Code of what I currently do using linked question:
clear all
input id str10 fruit
1 "Apple"
1 "Banana"
1 "Orange"
2 "Orange"
2 "Apple"
3 "Pear"
3 "Kiwi"
3 "Apple"
3 "Lemon"
end
tempfile t1
save `t1'
clear
use `t1'
rename fruit f2
keep id f2
joinby id using `t1'
order id fruit f2
sort id fruit f2
drop if fruit==f2
list, sepby(id)
My desired output is:
ID fruit f2
1 Apple Banana
1 Apple Orange
1 Banana Orange
2 Orange Apple
3 Pear Kiwi
3 Pear Apple
3 Pear Lemon
3 Kiwi Apple
3 Kiwi Lemon
3 Apple Lemon
After joinby
, you could generate an auxiliary variable which puts fruit and f2 in one variable and sorts them, assuring that the same combinations have the same values. Then you can use duplicates drop
in terms of this variable and id to drop duplicates.
clear
input id str10 fruit
1 "Apple"
1 "Banana"
1 "Orange"
2 "Orange"
2 "Apple"
3 "Pear"
3 "Kiwi"
3 "Apple"
3 "Lemon"
end
tempfile t1
save `t1'
rename fruit f2
joinby id using `t1'
order id fruit f2
sort id fruit f2
drop if fruit==f2
gen combination = cond(fruit < f2, fruit + " " + f2, f2 + " " + fruit)

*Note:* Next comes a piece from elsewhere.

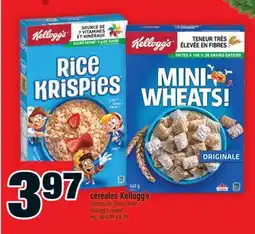 Super C CÉRÉALES KELLOGG'S | KELLOGG'S CEREAL offer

duplicates drop id combination, force
drop combination
list, sepby(id)
+----------------------+
| id fruit f2 |
|----------------------|
1. | 1 Apple Banana |
2. | 1 Apple Orange |
3. | 1 Banana Orange |
|----------------------|
4. | 2 Apple Orange |
|----------------------|
5. | 3 Apple Kiwi |
6. | 3 Apple Lemon |
7. | 3 Apple Pear |
8. | 3 Kiwi Lemon |
9. | 3 Kiwi Pear |
10. | 3 Lemon Pear |
+----------------------+